11  なお、日達上人は、正本堂の完成にちなんで、次のような一文を寄せてくださった。大切な歴史であるので、紹介しておきたい。(『池田会長と正本堂』)
 「日蓮正宗全信徒の代表としての法華講総講頭であり、創価学会会長の池田大作先生は会長就任以来十三年にして我が宗に有形無形の二つの大事業を成し遂げられた。
 その無形の事業とは八百万人の信心を喚起して本因下種の当体を覚知せしめ広宣流布への大行進を確実にしたことである。
 その有形の事業とは八百万信徒の信心を結集し、本仏への供養の真心を以て正本堂を建立したことである。
 正本堂は宗祖日蓮大聖人出世の本懐、三秘総在本門戒旦の大御本尊を厳護安置の本堂である。
 本門戒旦の大御本尊は我が正宗の宗旨の根本であり、日蓮大聖人の御当体である故、我等正宗僧俗の魂である。此の大御本尊を正本堂は永久に守護し奉る建築物である。
 今、池田先生は、日蓮正宗と、その総本山大石寺の外護を以って任じられている。依って、正本堂は池田先生の姿でもある。
 池田先生が正本堂の建立発願は、曾ての師、戸田城聖先生が正本堂建立を希望しながら時を得ず、世を去られたのであるから、その戸田先生の志を遠因とし、大御本尊を守護し奉る熱誠の表われとしての大願であろう」
 「此の正本堂建立こそ池田先生の一生の大事業となるであろう。
 大聖人は『阿仏房さながら宝塔、宝塔さながら阿仏房』と仰せになっている。此の言葉を借用敷衍すれば、『池田大作さながら正本堂、正本堂さながら池田大作』ともいえる。
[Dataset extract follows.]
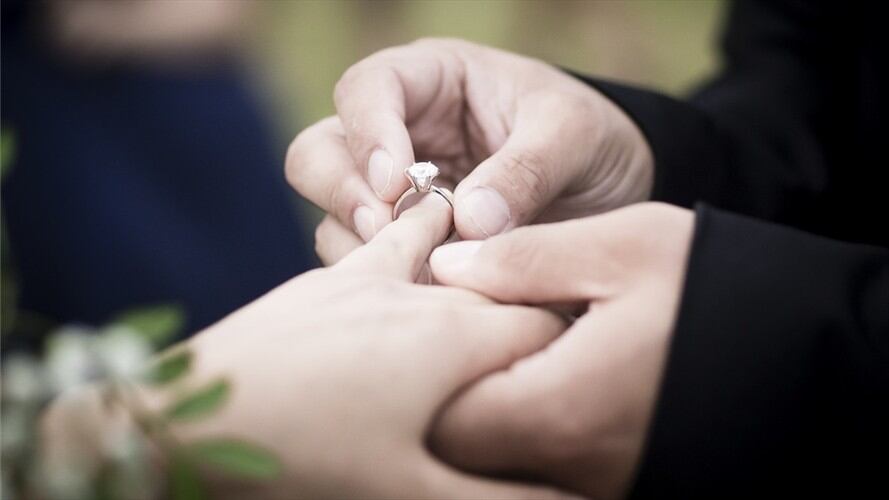Imagen de referencia de una persona pidiendo matrimonio. Foto: Getty Images / A. Martin UW Photography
 池田先生に二陣三陣の信徒は皆『さながら正本堂』でなければならないと思う。その覚悟が本門戒旦の大御本尊の守護を事行に修行することになると思うのである」
12  また日淳上人は、第二次世界大戦後、日本の民主主義の新出発にさいし、「民主主義と宗教」について繰り返し論じられた。
 日淳上人は、堕落した既成宗教を民主主義の敵として厳しく戒められた。それはなぜか。「尊厳なるべき個々人を侮辱し迷妄ならしむるもの」だからである。また「個人の開発」を妨げ、「民衆を愚昧ならしむる」からである。
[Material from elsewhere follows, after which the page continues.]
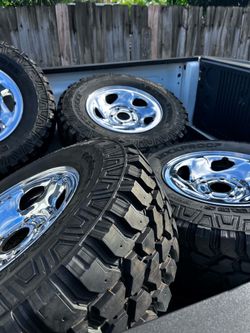 Ram 1500 Wheels still new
 正法においても、こうした、仏法本来の精神に反する行為があれば、またみずからの怠慢と慢心で多くの信徒を苦しめ、迷わせる姿があれば、これこそ三宝破壊であり、仏法破壊であり、五逆罪に通じる――と、ヨーロッパの数名の幹部が厳しく語り合っていた。(拍手)
 本来、妙法は、「一切の人々が仏性を有し且つ仏となること、個人の自由と平等と尊厳を正しく合理的に説き明かし且つ実証してをる」(昭和二十四年十月。『日一浮上人全集』)。ゆえにこの妙法こそ、民主主義の基盤たりうる唯一の宗教である、と日淳上人は結論された。
 今、世界の新しい民主主義の出発にさいし、私どもは、この大法をもって、いずこの世界よりも伸び伸びと、仲良く、堂々と時代をリードしてまいりたい。
13  戸田先生「人類を仏の境涯に引き上げたい」
 仏法は、一人一人の民衆を救い、成仏させるためにある。法のすばらしさ、正しさも、それを信受した人の境涯の変革によって証明する以外にないのである。
 私の恩師戸田先生は、「仏法は、だれ一人をも苦しめない、あらゆる民衆の苦しみをば救うというのが根本であり、今一つの根本は、あらゆる民衆に楽しみをあたえることであり、仏の慈悲というのは、これをいうのである」(「王法と仏法」、『戸田城聖全集』第一巻所収)と言われている。この根本を忘れた時には、仏法は形骸化していくしかないであろう。
 また、戸田先生は、こう述べられている。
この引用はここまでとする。